The circle of light grows as the mind acts upon God and is acted upon by God.  The mind sees certain problems, and advances in their solution.  Quite literally, it questions God, begging Him for more light.  Pushing back the darkness does of course increase the extent of our light.  But there is a question not only of the extent of light but of intensity. The way of life for the mind is to live in the light and revel in the light, and grow in the light in all tranquility.

2.4

In all tranquility, I say, but with immeasurable labor.  That is another of those opposites whose tension makes our life.  There is, as I have said earlier, real pain for the mind as it brings its almost atrophied muscles into action without the comforting crutch of imagination.  This gets a little easier as the habit grows.  Slowly the mind grows out of its reliance upon the images that had stultified it.  But this cleansing of the intellect is not a thing that can ever be done once and for all in this life.  Imagination is forever creeping up on us, betraying us without our knowing it.

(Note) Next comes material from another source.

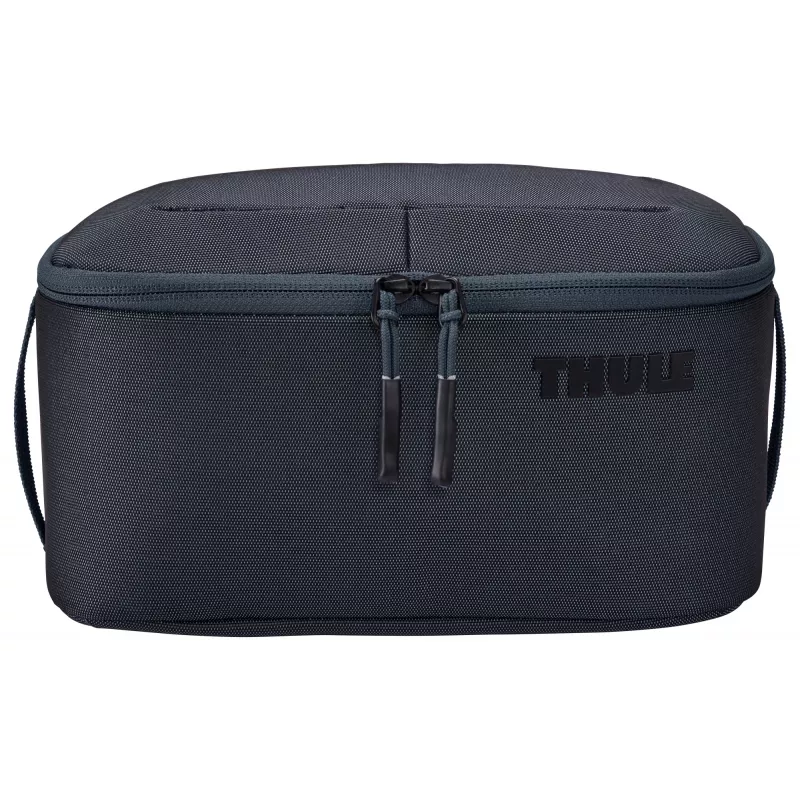 Thule Subterra 2 TSTB404 Dark Slate Toiletry bag Polyester, Thermoplastic polyurethane (TPU) Grey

The mind can do that too and most of our minds have been doing it.  Even after they have been converted to better ways, they still long for their old sins, very much as Saint Augustine did.  Certainly, the battle gets easier as one goes on.  The intellect begins to develop its muscles, and begins even to enjoy using them.  But imagination is always lurking in the background: the intellect is still, unknown to itself, affected in its own proper processes by images it had rejected and even forgotten.  "The price of freedom is eternal vigilance."  That applies to all freedom, including the freedom of the intellect to do its own laborious housework.